*Exercise directions:* Pictures aside, reproduce exactly and only the lines from the one containing "Male saxophonist is" through the end of the records.

Pictures with short captions
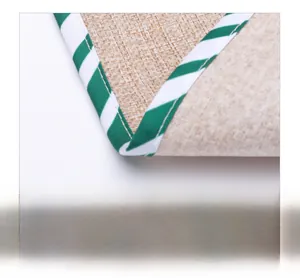 Detail shot of sturdy burlap fabric edge with green and white twill piping and neat stitching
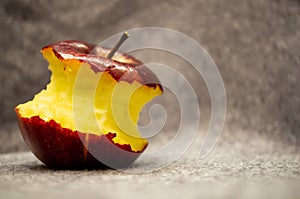 Closeup shot of a nearly eaten red apple on a gray fabric background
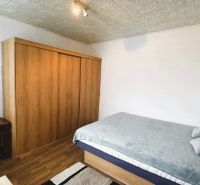 Bedroom in a 4-room apartment with a bed, wardrobe, and wooden decor flooring.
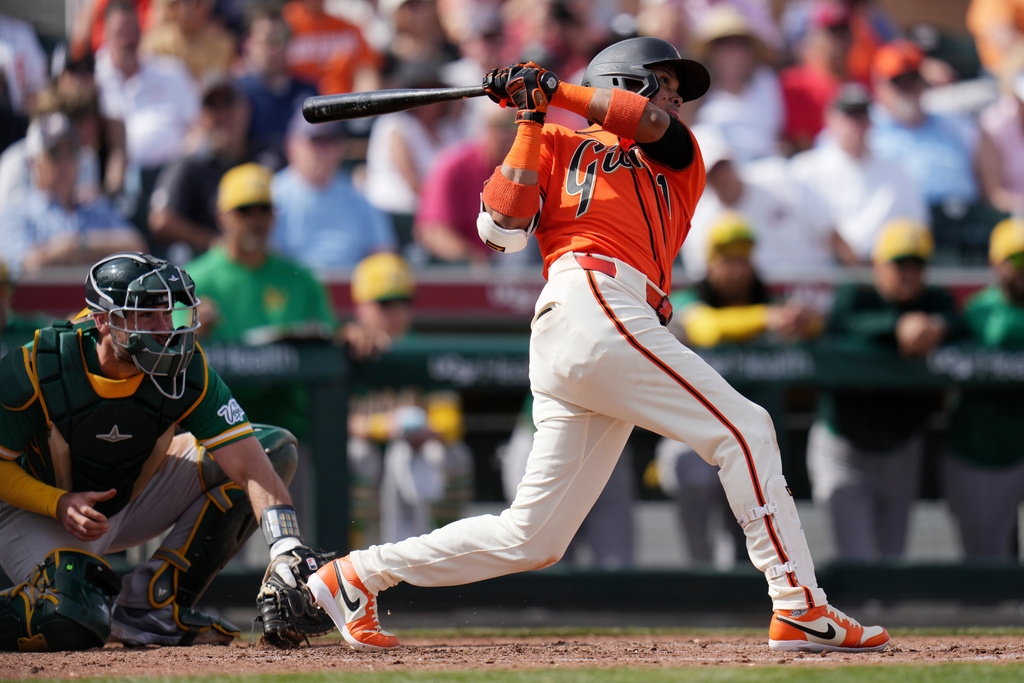 San Francisco Giants' Luis Arraez, right, connects for a run-scoring single as Athletics catcher Austin Wynns, left, looks on during the third inning of a spring training baseball game Monday, Feb. 23, 2026, in Scottsdale, Ariz. (AP Photo/Ross D. Franklin)
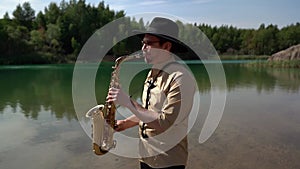 Male saxophonist is playing melody on shore of picturesque forest lake at summer day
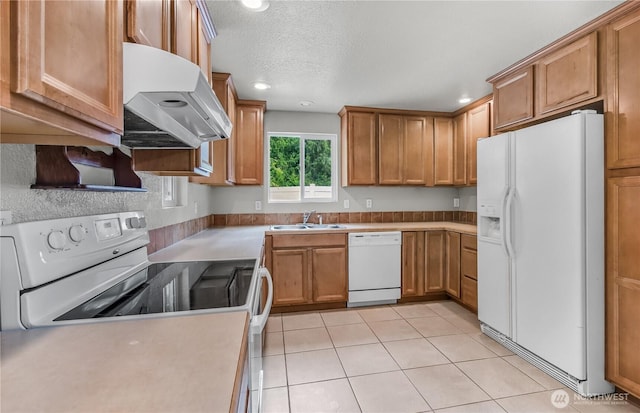 15828 3rd Ave SE, Bothell, WA 98012 - kitchen with white appliances, ventilation hood, a sink, brown cabinets, and recessed lighting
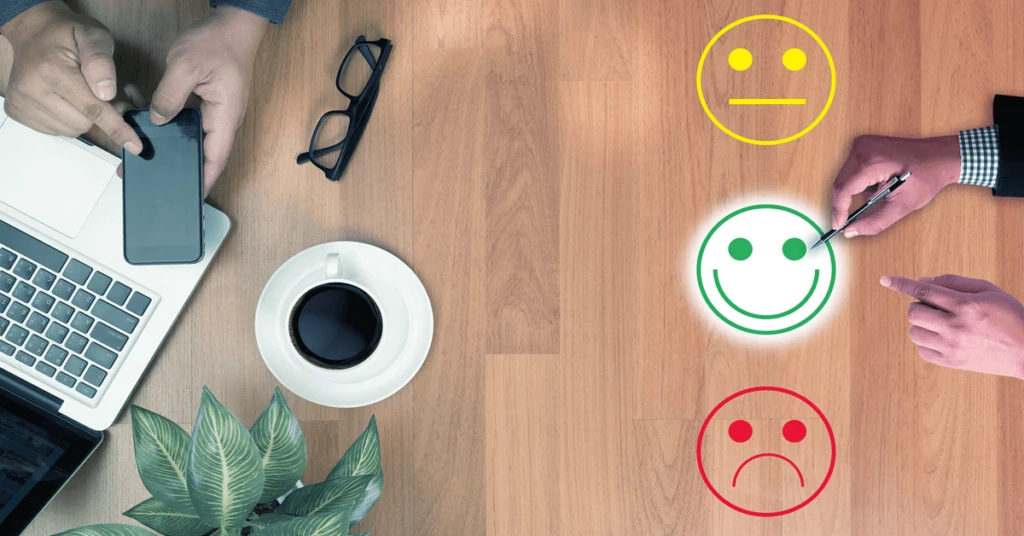 Imagen de evaluación de satisfacción en el entorno laboral, con símbolos de sonrisa, neutralidad y tristeza, representando diferentes niveles de retroalimentación.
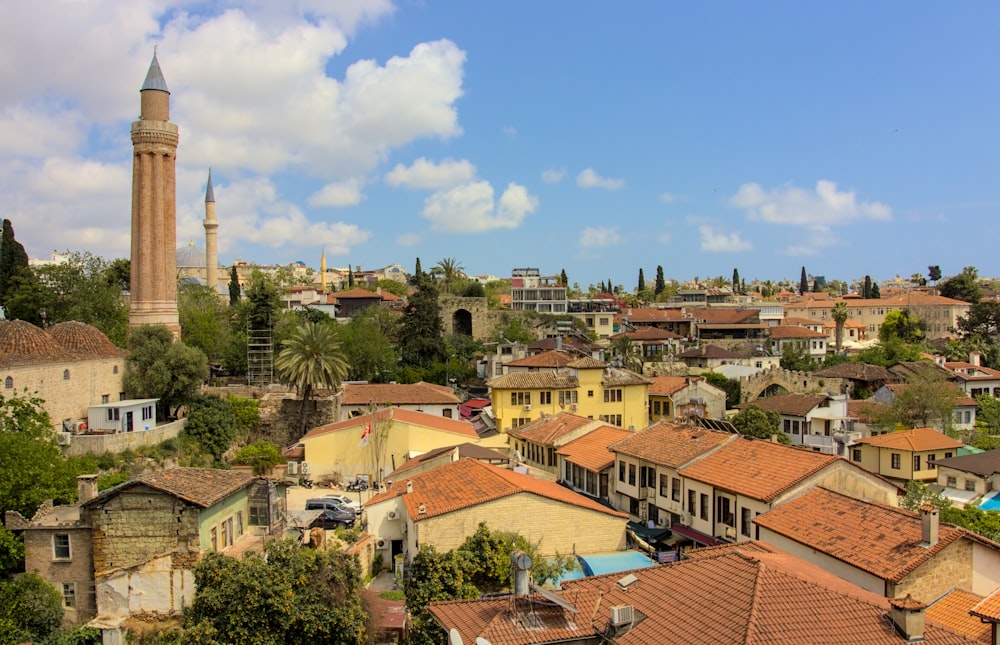 a view of a city with a tall tower in the background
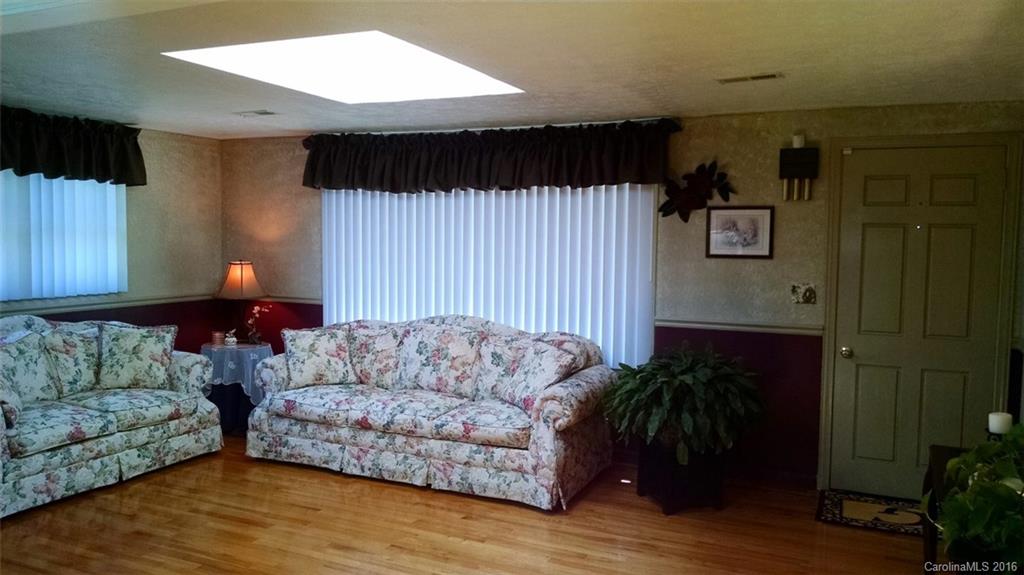 1978 Ridge Road Hendersonville, NC 28792 - Photo 3 of 18 a living room with furniture and a fireplace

*Result:*
 Male saxophonist is playing melody on shore of picturesque forest lake at summer day
 15828 3rd Ave SE, Bothell, WA 98012 - kitchen with white appliances, ventilation hood, a sink, brown cabinets, and recessed lighting
 Imagen de evaluación de satisfacción en el entorno laboral, con símbolos de sonrisa, neutralidad y tristeza, representando diferentes niveles de retroalimentación.
 a view of a city with a tall tower in the background
 1978 Ridge Road Hendersonville, NC 28792 - Photo 3 of 18 a living room with furniture and a fireplace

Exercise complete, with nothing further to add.